--- GIVEN MATERIAL Enclosed Below ---
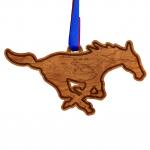 Southern Methodist University - Ornament - Mustang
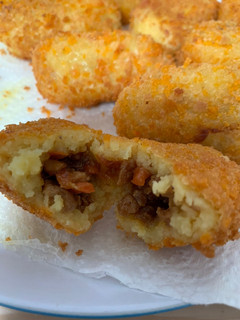 Foto resep Kroket kentang isi Ayam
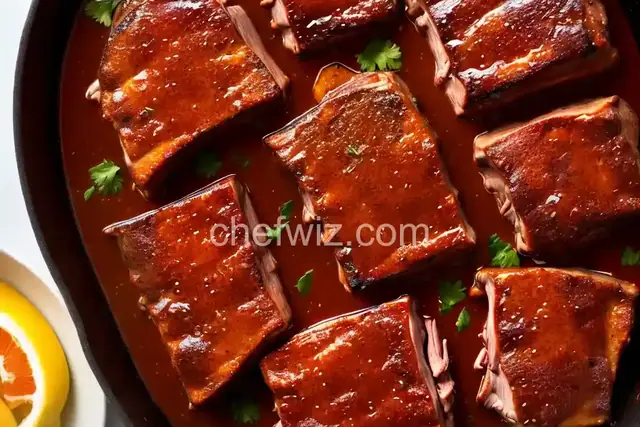 Mom's Stovetop Pork Ribs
--- End of Enclosed GIVEN MATERIAL ---
▸ REQUIRED ACTION
With pictures excluded, output the listing above exactly as it stands.

▸ SOLUTION BELOW
 Southern Methodist University - Ornament - Mustang
 Foto resep Kroket kentang isi Ayam
 Mom's Stovetop Pork Ribs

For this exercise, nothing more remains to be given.